20th September 2021

Book in Focus

A Philosopher Looks at the Natural World

Twenty-One Acres of Common Ground

By Daniel C. Fouke

The following text is adapted from the Prologue

Having settled ourselves into our new home, wreck that it is, we exit through the front door and make our way across the concrete parking lot. It extends, twenty feet wide, across the southern front of the house and turns into a parking lot on the west side. On our left, we pass the driveway—a gravel road with parallel strips of concrete textured with grooves for traction, sweeping straight down like a ski slope to the street 350 feet below. On this driveway, a previous owner of the house once put his newly purchased tractor into neutral, causing it to roll towards the street. Unable to put it into gear, he hit the driveway, picking up speed as he found his brakes too weak to stop him. Still unable to stop when he hit the street, he crashed into the trees and rolled down a ravine on the other side, losing one of his legs as a result. I am reminded of this accident as we head up the steep road cut into the hill that takes us roughly 190 yards to the plateau on the top of our property, machetes and tent in hand. Once we reach this spot, we pass through a seven-acre field, now growing alfalfa, and reach the eleven acres of woodlands.
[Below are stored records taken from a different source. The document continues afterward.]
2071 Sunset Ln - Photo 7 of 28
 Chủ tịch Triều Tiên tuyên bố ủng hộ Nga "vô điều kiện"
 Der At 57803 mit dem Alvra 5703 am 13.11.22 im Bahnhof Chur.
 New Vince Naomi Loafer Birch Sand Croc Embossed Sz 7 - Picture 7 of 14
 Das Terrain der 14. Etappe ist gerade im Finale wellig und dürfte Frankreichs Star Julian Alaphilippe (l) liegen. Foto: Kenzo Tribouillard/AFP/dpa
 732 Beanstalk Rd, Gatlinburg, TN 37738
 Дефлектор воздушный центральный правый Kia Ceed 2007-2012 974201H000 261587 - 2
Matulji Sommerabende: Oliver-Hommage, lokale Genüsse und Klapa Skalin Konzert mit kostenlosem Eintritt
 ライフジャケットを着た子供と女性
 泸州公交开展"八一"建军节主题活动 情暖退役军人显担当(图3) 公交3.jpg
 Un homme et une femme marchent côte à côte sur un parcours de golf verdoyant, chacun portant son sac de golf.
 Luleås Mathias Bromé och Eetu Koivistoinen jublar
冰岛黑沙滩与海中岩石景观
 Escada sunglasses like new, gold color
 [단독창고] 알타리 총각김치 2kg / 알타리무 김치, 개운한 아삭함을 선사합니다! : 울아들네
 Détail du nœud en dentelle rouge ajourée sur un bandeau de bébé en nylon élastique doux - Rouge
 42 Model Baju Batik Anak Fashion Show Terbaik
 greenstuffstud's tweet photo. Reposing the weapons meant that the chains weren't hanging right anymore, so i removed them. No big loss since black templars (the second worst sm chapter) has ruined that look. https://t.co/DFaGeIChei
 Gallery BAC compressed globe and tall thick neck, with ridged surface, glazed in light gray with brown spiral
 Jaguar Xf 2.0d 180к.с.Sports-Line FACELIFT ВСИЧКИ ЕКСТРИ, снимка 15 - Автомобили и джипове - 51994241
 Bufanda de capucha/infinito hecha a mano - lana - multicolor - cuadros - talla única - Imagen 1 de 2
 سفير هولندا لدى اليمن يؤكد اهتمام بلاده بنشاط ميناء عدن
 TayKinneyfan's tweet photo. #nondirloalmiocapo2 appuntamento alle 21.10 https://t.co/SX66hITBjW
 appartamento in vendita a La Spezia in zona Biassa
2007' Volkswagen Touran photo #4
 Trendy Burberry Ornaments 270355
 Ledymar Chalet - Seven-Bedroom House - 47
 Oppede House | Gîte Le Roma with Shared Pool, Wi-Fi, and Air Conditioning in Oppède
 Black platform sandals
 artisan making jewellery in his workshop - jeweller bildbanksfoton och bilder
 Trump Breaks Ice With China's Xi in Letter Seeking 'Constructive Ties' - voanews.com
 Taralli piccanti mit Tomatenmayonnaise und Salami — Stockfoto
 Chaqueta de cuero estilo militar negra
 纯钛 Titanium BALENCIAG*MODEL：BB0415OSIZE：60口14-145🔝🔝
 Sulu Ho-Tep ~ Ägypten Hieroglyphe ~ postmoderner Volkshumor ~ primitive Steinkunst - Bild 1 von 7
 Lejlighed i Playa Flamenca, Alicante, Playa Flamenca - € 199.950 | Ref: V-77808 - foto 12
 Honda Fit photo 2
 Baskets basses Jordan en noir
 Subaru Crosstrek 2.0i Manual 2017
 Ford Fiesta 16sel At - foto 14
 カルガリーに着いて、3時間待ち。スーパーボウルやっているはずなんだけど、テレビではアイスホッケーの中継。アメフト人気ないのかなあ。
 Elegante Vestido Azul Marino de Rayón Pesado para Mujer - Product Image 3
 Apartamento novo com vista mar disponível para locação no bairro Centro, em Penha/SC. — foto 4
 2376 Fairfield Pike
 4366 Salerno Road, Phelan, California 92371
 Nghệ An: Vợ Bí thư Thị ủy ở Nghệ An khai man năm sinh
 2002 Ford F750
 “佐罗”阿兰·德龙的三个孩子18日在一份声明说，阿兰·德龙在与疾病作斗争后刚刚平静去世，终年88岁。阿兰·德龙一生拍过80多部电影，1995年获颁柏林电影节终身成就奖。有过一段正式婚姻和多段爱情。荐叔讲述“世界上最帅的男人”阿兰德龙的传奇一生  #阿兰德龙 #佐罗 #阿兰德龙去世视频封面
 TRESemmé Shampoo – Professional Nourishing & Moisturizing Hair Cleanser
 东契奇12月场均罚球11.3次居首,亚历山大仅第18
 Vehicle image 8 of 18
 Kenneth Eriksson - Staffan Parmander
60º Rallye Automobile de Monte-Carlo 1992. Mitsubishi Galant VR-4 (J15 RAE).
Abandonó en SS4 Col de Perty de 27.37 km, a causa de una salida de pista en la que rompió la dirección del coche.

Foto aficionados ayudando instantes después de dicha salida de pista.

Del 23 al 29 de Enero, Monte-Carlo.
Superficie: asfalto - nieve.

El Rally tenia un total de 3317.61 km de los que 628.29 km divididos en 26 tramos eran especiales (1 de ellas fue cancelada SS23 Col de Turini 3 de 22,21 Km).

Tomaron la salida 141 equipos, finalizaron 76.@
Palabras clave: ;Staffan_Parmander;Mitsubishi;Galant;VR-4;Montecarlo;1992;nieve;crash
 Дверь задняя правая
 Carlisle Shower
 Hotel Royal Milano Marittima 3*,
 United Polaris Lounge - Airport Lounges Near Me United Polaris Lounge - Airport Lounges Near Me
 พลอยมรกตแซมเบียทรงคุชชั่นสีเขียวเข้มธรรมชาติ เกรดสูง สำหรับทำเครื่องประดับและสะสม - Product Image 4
A wide-mowed path encircles and divides the woods. On one side, it divides the largest part of the woods from land that borders a series of ravines, some of which have springs. Over time, we will notice a difference between the rich loamy soil in the ravines and the flatter portion of the woods and the field. We will learn that some twenty-five years ago, a previous owner illegally stripped off and sold the topsoil of every part of our property except the ravines, flattening the hill in preparation for a housing development he was unable to get approved. Ravines aside, all the other soil is hard clay, which the shedding leaves from the surviving trees have been unable to coat with a significant layer of leaf-mold.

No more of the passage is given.